Repeat the listing exactly. Pictures stay out of your copy.

Data shown: Begin

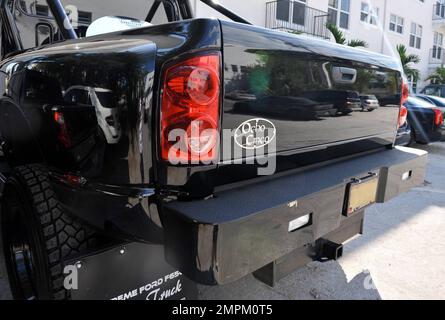 EXCLUSIVE!! Cincinnati Bengals Wide Receiver Chad Ochocinco parallel parks his custom Extreme Ford F650 Super Truck near David's Cafe just off of South Beach's popular Lincoln Road. Ochocinco spent some time shopping and having lunch with fiancŽe Evelyn Lozada. Miami Beach, FL. 2/22/11. Stock Photo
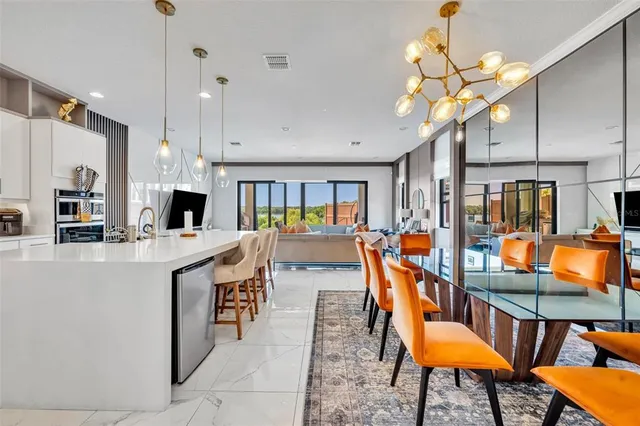 a view of a hallway with wooden floor and windows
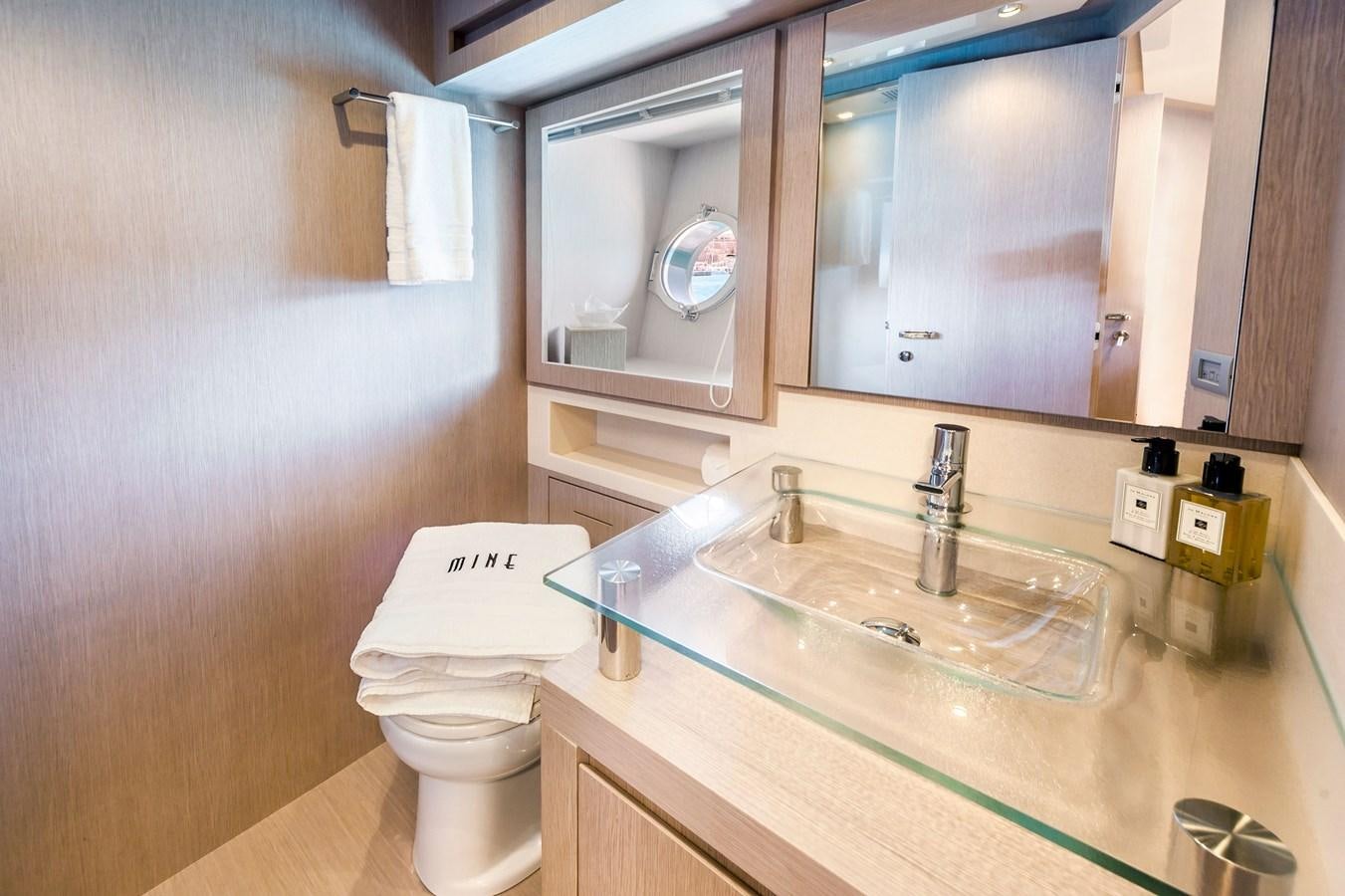 a bathroom with a sink and a toilet aboard MINE Yacht for Sale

Data shown: End

Response to this exercise ▸
 EXCLUSIVE!! Cincinnati Bengals Wide Receiver Chad Ochocinco parallel parks his custom Extreme Ford F650 Super Truck near David's Cafe just off of South Beach's popular Lincoln Road. Ochocinco spent some time shopping and having lunch with fiancŽe Evelyn Lozada. Miami Beach, FL. 2/22/11. Stock Photo
 a view of a hallway with wooden floor and windows
 a bathroom with a sink and a toilet aboard MINE Yacht for Sale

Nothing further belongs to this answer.